▶ [BRIEF] Every line in the listing is to be echoed verbatim.
DATASET EXCERPT START
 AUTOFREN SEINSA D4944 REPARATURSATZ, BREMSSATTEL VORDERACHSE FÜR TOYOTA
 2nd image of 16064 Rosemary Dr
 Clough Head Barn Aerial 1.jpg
DATASET EXCERPT END
▶ [RESULT OF THIS EXERCISE]
 AUTOFREN SEINSA D4944 REPARATURSATZ, BREMSSATTEL VORDERACHSE FÜR TOYOTA
 2nd image of 16064 Rosemary Dr
 Clough Head Barn Aerial 1.jpg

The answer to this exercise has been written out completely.